My favorite part, as everyone knows, is when Hector was racing down the stairs To His Doom and was met by his stern-faced wife holding their lovely son. Poor heartbroken Hector peers down at tiny Astuanax, who promptly bursts into tears, terrified by his father’s hair-capped helmet. Hector takes it off for one last cuddle before suiting up again. Of course, this wasn’t in the movie, because somehow it doesn’t matter to other people as much as it does to me, but I was expecting that. At least all three of those characters got appropriate depth and screentime.
What impressed me most was the way all the characters who were relatives managed to look alike. I’m not sure about making Achilles and Patroclus cousins, but it explained the necessary resemblance well and allowed a palatable reading of Patroclus’s adoration, although the parallel to the similarly retconned Briseis cousin status seemed weird. The women were all excellent, which was a comforting surprise. I went in a Rose Byrne fan, which helped me avoid being too troubled by some of the stereotypes Briseis played out.
And the fighting! Well, all the one-on-one stuff wasn’t too impressive to me, but watching the shields collide and the blood flowing out to make the earth wet was just amazing and saddening. I know this is how it works, but it was hard to watch and harder to ignore. I don’t think I’ve ever seen such compelling battle. We watched like Priam’s family, gauging the trends while keeping our eyes on the heroes. The desecration of Hector’s body was similarly captivating and all the more poignant because I wanted Achilles to follow his lead and be a hero, treat him with respect and felt myself mentally urging him on to honor, even knowing how the story would go.
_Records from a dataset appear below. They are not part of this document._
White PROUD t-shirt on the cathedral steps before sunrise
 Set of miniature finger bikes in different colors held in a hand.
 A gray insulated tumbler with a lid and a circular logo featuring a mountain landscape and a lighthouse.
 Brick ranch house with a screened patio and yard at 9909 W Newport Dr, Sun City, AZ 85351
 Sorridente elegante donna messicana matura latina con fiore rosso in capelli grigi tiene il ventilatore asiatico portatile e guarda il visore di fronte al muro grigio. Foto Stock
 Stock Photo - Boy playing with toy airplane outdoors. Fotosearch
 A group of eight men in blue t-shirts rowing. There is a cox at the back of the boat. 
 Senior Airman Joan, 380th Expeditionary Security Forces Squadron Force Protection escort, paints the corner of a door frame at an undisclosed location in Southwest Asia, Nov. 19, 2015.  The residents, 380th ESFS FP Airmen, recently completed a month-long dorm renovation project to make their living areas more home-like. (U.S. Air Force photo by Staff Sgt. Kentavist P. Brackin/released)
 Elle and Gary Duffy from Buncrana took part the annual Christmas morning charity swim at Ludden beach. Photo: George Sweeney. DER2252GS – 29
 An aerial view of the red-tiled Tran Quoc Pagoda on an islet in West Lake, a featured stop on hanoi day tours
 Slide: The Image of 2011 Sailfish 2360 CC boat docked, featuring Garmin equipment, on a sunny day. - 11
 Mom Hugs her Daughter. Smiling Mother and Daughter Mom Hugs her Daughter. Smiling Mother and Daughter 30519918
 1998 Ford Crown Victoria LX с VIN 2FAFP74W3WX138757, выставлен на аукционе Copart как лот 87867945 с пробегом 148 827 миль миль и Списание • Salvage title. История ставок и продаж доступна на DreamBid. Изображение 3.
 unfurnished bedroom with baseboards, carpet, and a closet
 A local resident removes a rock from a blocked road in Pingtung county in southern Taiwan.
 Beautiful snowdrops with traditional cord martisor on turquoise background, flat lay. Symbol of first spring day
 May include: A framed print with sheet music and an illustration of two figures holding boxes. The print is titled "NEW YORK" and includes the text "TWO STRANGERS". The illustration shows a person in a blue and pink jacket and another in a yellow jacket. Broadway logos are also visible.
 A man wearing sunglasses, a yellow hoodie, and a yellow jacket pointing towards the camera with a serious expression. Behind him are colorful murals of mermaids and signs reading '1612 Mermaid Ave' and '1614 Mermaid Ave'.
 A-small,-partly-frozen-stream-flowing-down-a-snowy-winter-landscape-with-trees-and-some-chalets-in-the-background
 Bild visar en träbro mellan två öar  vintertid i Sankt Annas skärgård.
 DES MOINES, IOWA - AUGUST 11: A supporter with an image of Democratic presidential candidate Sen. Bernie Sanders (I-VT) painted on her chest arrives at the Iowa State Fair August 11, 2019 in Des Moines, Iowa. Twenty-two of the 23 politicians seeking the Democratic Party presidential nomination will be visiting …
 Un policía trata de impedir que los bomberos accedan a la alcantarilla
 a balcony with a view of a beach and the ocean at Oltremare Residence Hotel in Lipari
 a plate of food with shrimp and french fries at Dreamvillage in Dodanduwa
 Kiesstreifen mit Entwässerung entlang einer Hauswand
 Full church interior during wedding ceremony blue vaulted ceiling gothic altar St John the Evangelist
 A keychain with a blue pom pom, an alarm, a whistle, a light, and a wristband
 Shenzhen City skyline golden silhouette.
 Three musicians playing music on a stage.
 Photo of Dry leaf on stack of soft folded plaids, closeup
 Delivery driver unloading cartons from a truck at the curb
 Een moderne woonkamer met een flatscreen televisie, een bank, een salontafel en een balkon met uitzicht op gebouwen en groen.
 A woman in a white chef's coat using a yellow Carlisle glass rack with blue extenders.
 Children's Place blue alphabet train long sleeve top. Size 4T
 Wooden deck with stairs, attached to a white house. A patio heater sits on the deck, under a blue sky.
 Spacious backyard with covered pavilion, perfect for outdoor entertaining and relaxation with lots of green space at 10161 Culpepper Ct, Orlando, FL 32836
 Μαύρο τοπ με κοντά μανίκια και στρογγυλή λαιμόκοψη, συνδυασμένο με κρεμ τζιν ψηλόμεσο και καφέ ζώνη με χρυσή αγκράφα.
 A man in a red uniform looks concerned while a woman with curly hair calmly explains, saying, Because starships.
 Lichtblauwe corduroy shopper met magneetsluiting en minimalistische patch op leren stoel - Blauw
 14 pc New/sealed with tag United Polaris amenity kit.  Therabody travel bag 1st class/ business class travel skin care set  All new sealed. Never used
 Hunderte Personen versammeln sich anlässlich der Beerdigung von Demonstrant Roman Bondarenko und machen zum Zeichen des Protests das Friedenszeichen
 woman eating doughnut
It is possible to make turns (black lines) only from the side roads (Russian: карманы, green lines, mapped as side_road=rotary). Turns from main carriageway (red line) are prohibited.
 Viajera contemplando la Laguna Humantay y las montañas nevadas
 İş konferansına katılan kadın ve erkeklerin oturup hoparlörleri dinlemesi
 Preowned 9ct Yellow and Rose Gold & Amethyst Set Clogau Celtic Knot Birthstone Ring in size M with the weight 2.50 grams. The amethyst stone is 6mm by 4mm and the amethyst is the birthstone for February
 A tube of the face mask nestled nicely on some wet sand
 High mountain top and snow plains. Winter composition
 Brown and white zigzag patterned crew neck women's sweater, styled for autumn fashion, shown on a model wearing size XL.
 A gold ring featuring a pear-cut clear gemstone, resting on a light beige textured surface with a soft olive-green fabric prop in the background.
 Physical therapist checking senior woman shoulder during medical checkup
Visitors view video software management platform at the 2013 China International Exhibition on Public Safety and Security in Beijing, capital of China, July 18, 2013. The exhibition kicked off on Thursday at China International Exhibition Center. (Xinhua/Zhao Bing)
And then there’s all that stuff about not knowing how the story goes, but it wasn’t too much of a problem. It’s not as if I think Homer wrote a definitive history, and I’m quite sure there wasn’t a Homer, so while I think some of the changes didn’t work on a story level, I wasn’t hoping for a fully accurate translation. In fact, my favorite scene actually in the movie played on some of the ambiguity and conflicting stories and implications of choosing a focus. Helen tells Paris something like, “Every day I was with Menelaus, I was a ghost. Only now am I real.” And certainly that’s the sort of thing people say when they’re in love and when it’s true, but it’s made even better and truer by the story that Helen never went to Troy but was spirited off to Egypt while a war was fought for the sake of her ghost in Troy, and only later was the deception revealed. This made up for some of the lack of ambiguity and subtlety in much of the rest of the plot dealing with the motivations for war, and so I choose to believe it was intentional.